Ik ben hypotheekadviseur en sinds de AFM (Autoriteit Financiële Markten) en haar vergunningenstelsel is het leven behoorlijk ingewikkeld geworden. Gezien mijn behaalde diploma's en gevolgde PE punten mag ik schadeverzekeringen en levensverzekeringen alleen sluiten als ik deze verzekeringen sluit in combinatie met een hypotheek.
Ik heb voor leven en schade een zogenaamde "beperkte vergunning".

In de software van de maatschappij die ik vanmorgen moest bellen kan ik premies berekenen, ik kan geen digitale aanvraag doen. Dat is op zich geen ramp, ik voer de gegevens in en print de aanvraag, na ondertekening door de klant kan ik de aanvraag inscannen en mailen.
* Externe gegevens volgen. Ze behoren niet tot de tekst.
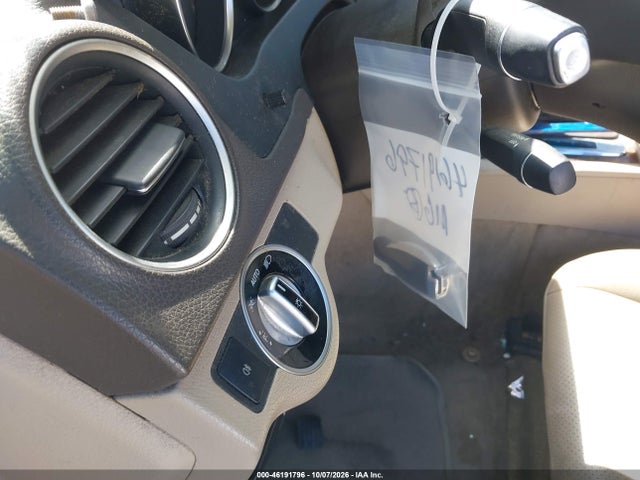 2014 Mercedes-benz C-class C 250 Luxury მანქანა იყიდება აუქციონზე, vin: WDDGF4HB4EA952937, აუქციონის ნომერი: 46191796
Maar bij deze maatschappij had ik de afspraak dat ik een bepaald nummer kon bellen en dan zouden zij iets open zetten waardoor ik digitaal kon aanvragen. Dit is een prettige manier van werken omdat het nogal wat tijd bespaart, naar aanleiding van mijn aanvraag krijgt de klant een mail met gezondheidsvragen en het medisch akkoord is dan heel snel binnen. En snelheid is cruciaal in mijn vak.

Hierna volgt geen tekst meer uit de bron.